Segment Start: DATASET EXTRACT
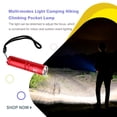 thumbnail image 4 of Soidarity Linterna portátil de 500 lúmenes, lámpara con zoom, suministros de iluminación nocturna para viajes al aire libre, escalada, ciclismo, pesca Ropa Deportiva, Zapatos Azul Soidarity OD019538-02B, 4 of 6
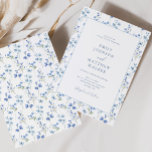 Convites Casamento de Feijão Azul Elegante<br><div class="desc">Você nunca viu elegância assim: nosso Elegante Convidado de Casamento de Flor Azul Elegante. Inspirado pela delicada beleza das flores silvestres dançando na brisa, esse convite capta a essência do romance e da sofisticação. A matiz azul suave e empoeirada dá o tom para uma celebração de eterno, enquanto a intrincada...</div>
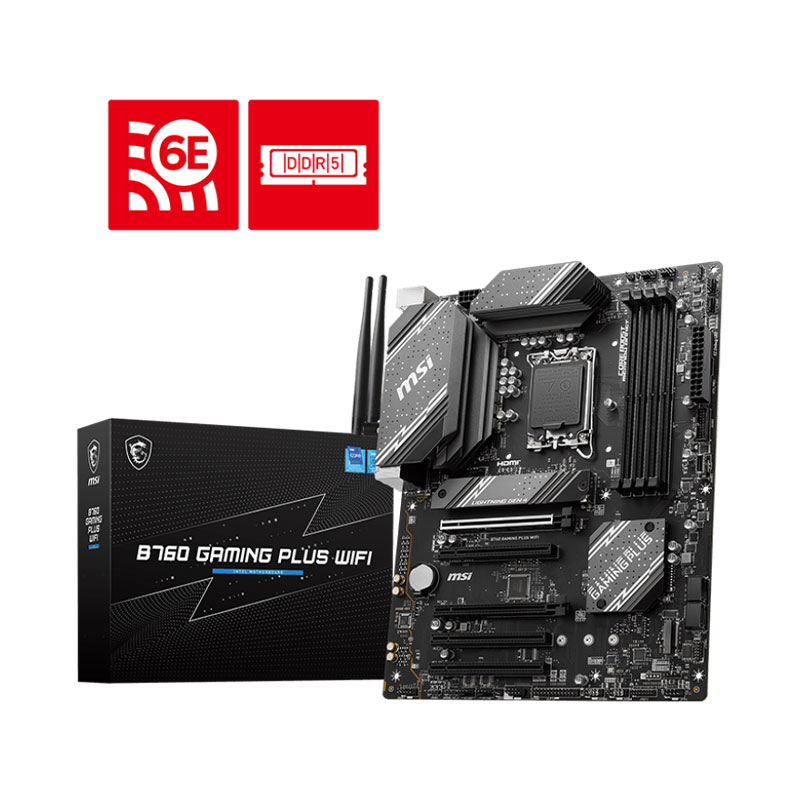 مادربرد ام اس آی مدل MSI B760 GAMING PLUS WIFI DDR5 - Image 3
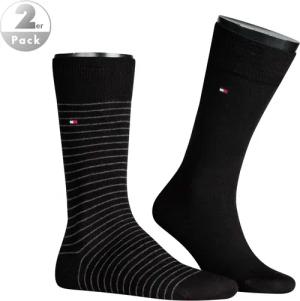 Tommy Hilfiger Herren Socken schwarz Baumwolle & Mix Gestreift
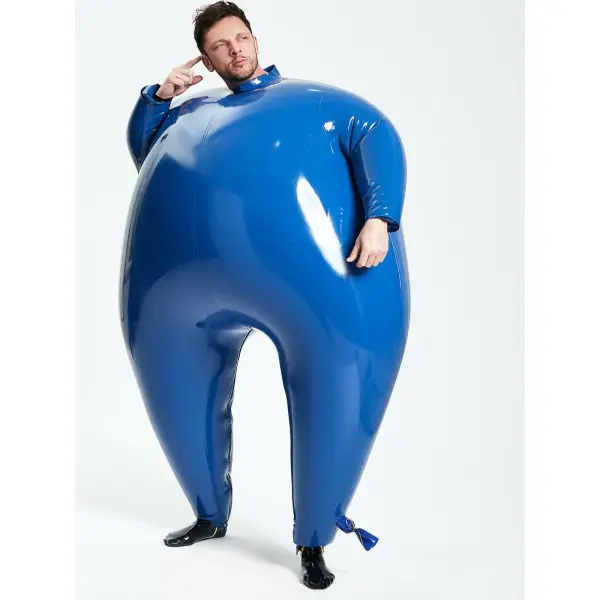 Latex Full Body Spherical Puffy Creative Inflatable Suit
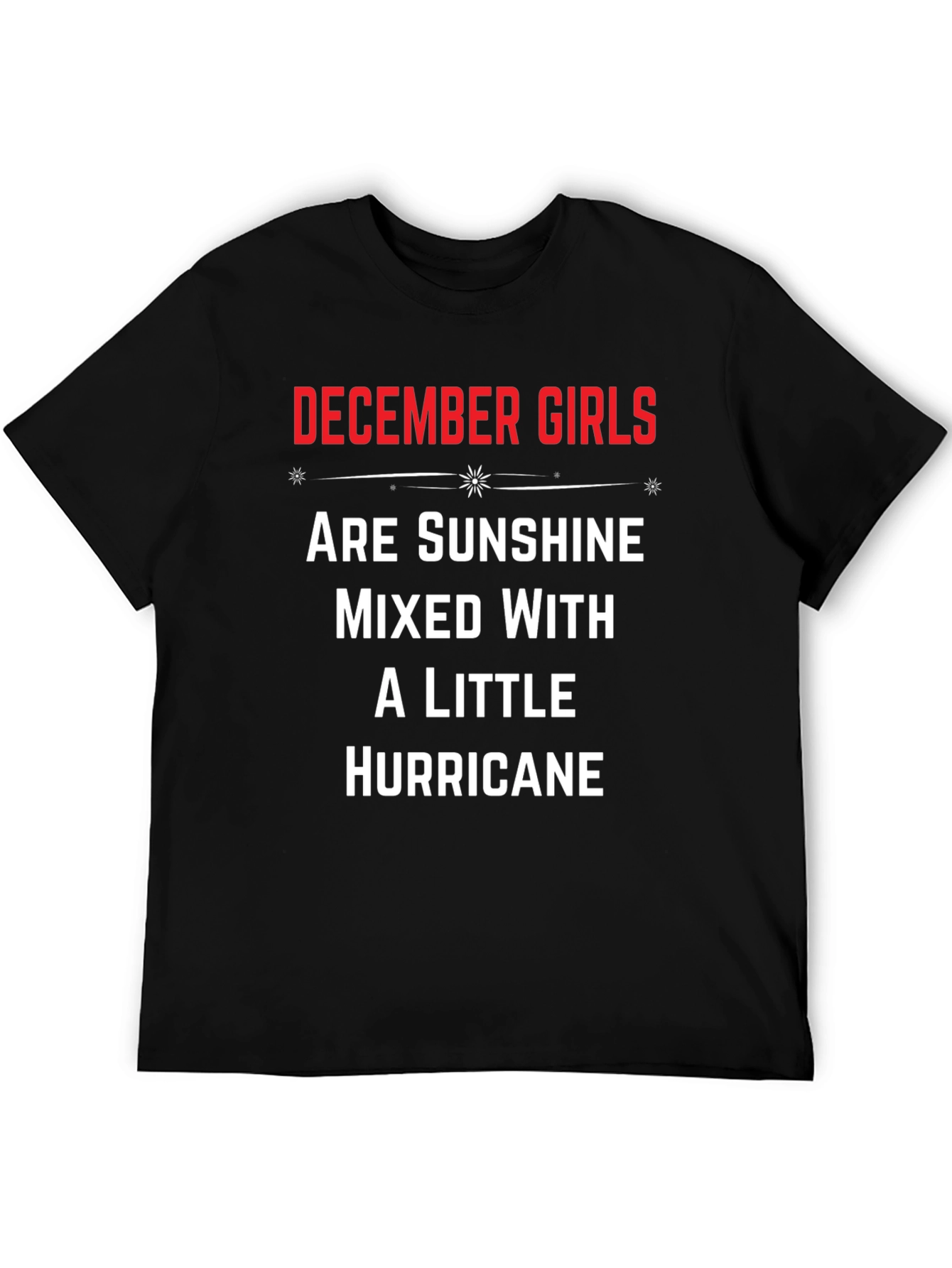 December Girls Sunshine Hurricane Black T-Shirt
Segment End: DATASET EXTRACT
**ABOUT THIS EXERCISE:** Your copy should consist solely of the lines from the line containing "Convites Casamento de" through the last line of the records above, reproduced exactly, with the pictures left out.

**SOLUTION FOR THIS EXERCISE:**
 Convites Casamento de Feijão Azul Elegante<br><div class="desc">Você nunca viu elegância assim: nosso Elegante Convidado de Casamento de Flor Azul Elegante. Inspirado pela delicada beleza das flores silvestres dançando na brisa, esse convite capta a essência do romance e da sofisticação. A matiz azul suave e empoeirada dá o tom para uma celebração de eterno, enquanto a intrincada...</div>
 مادربرد ام اس آی مدل MSI B760 GAMING PLUS WIFI DDR5 - Image 3
 Tommy Hilfiger Herren Socken schwarz Baumwolle & Mix Gestreift
 Latex Full Body Spherical Puffy Creative Inflatable Suit
 December Girls Sunshine Hurricane Black T-Shirt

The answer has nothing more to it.